YOUR OBJECTIVE:
The answer must reproduce exactly the lines from the one with "Navy vet died" through the end of the material, and it must contain no pictures.
───
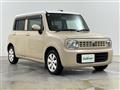 2008 Suzuki Lapin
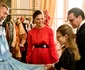 Familia Regala suedeza, Printesa Mostenitoare Victoria a Suediei, Printul Daniel, Printul Oscar si Printesa Estelle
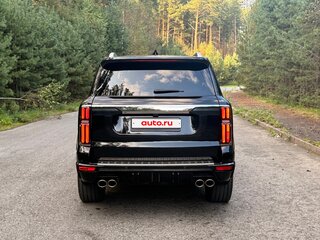 2024 Tank 500 I, чёрный, 5150000 рублей, вид 3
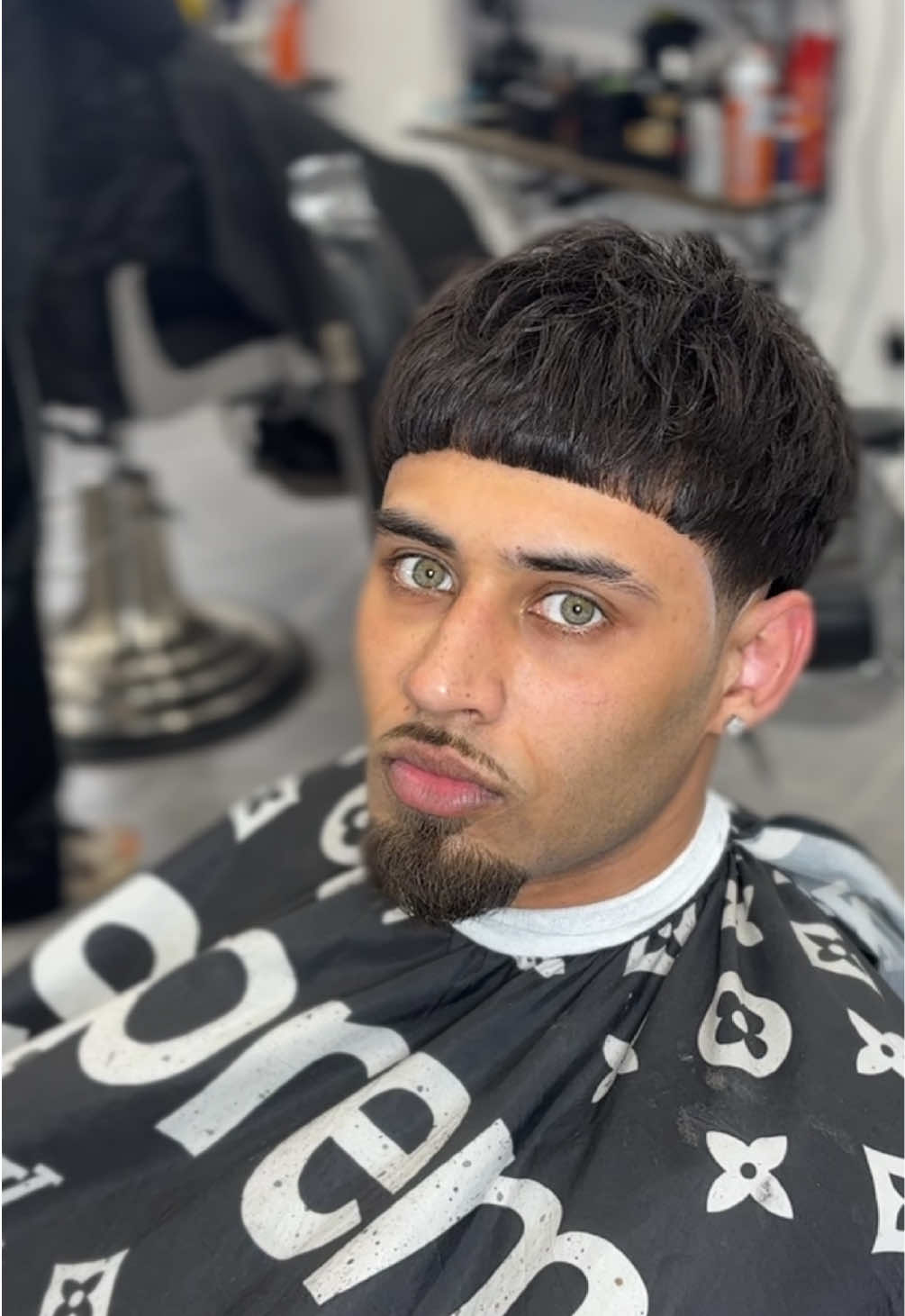 @MILTON KEYNES BARBER 💈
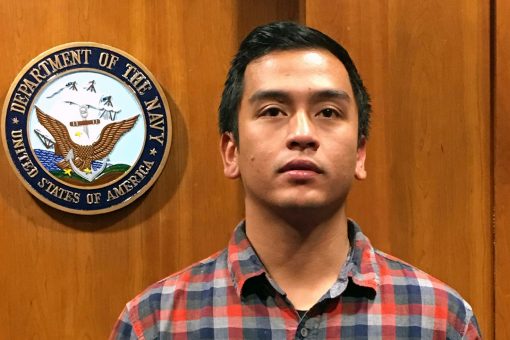 Navy vet died after California police knelt on his neck for nearly 5 minutes, family alleges
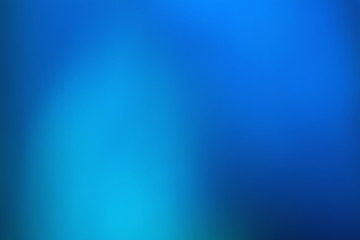 Abstract color light bokeh background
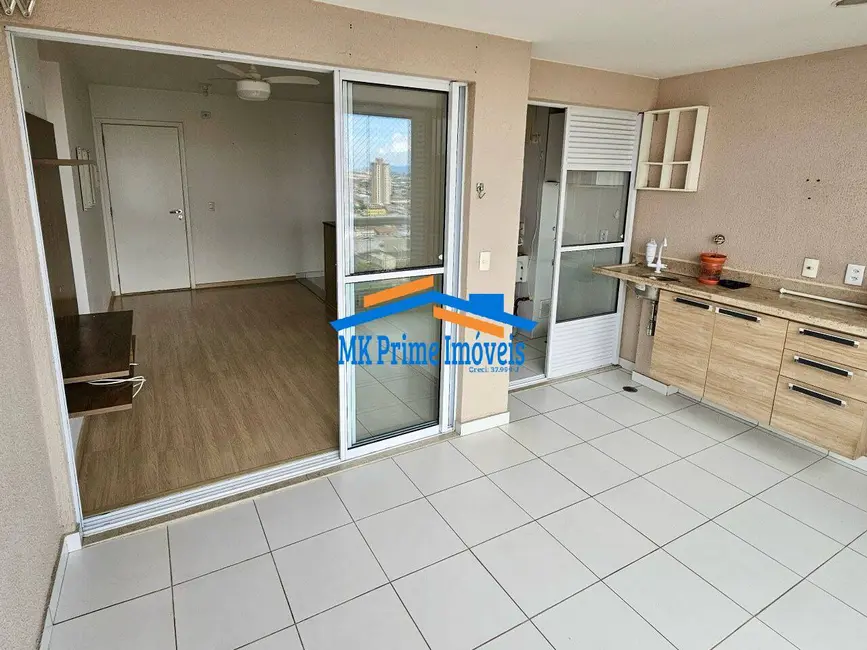 Apartamento com 2 quartos à venda, 56m2 em Pestana, Osasco - SP - imagem 7 Foto 7 de Apartamento com 2 quartos à venda, 56m2 em Pestana, Osasco - SP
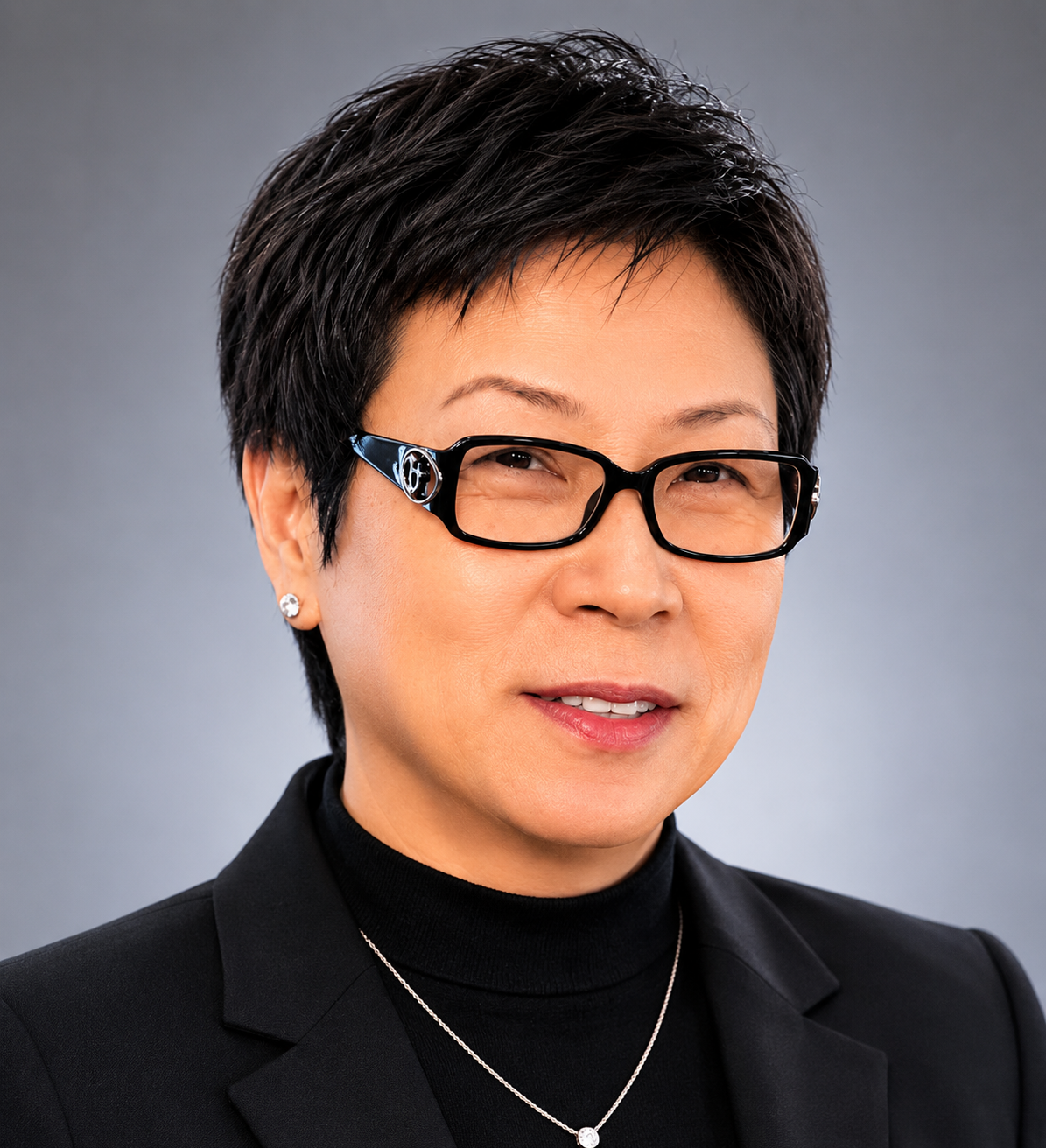 Mary Cao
───
RESPONSE FOR THIS EXERCISE:
 Navy vet died after California police knelt on his neck for nearly 5 minutes, family alleges
 Abstract color light bokeh background
 Apartamento com 2 quartos à venda, 56m2 em Pestana, Osasco - SP - imagem 7 Foto 7 de Apartamento com 2 quartos à venda, 56m2 em Pestana, Osasco - SP
 Mary Cao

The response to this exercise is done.